LA FIN D’UNE BELLE AVENTURE
« On
a donné le nom de “cubisme rococo” à plusieurs œuvres de Picasso,
au début de 1914 ; il y emploie des couleurs acides, des fragments
décoratifs, des rythmes baroques, des floconnages et autres pointillés
3. » Cette
remarque, qui peut aussi concerner Braque, se justifie dès la fin de
l’année 1913. Cette période paraît être, pour les deux
peintres, un tournant vers des travaux plus « relâchés »
qui semblent s’éloigner de l’orthodoxie cubiste. De plus en plus,
l’attention de l’un et de l’autre se porte vers l’objet en tant
que tel et sa représentation, par le biais du papier découpé et collé.
Un certain illusionnisme formel et spatial concourt à cette évolution.

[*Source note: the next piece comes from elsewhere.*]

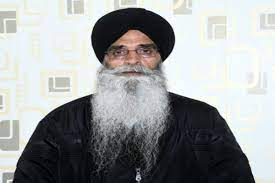 ਅਕਾਲੀ ਦਲ ਨੇ ਐਡਵੋਕੇਟ ਹਰਜਿੰਦਰ ਧਾਮੀ ਨੂੰ  ਐੱਸ. ਜੀ. ਪੀ. ਸੀ. ਚੋਣਾਂ ਲਈ ਐਲਾਨਿਆ ਉਮੀਦਵਾਰ। 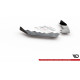 Body kitek és vizuális kiegészítők MAXTON DESIGN flapsok BMW 1 F20 M-Pack Facelift / M140i-hez | race-shop.hu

Ainsi paraît close la partie expérimentale du cubisme, la part héroïque
qui amputa partiellement Picasso et Braque d’une relation directe entre
leurs productions et la représentation du réel. Le Portrait
de jeune fille de
Picasso, peint durant l’été 1914, peut paraître une parodie du
cubisme, par l’usage comme en trompe-l’œil des divers procédés
utilisés auparavant.
Le travail de Braque est brutalement interrompu par la
déclaration de la Première Guerre mondiale. Le 2 août 1914,
Picasso accompagne à la gare d’Avignon son ami qui est mobilisé.
« Nous ne nous sommes jamais revus. » Ils se reverront
parfois, mais ces quelques mots de Picasso disent fortement ce qui fut un
temps privilégié et exceptionnel, une aventure individuelle et commune
pour deux peintres si différents.
1 Jean Cassou, Les Sources du XXe siècle : les arts en Europe, de 1884 à 1914, RMN, 1990. 2 Pierre Cabanne, Le Cubisme, PUF, 1995. 3 Pierre Cabanne, op. cit.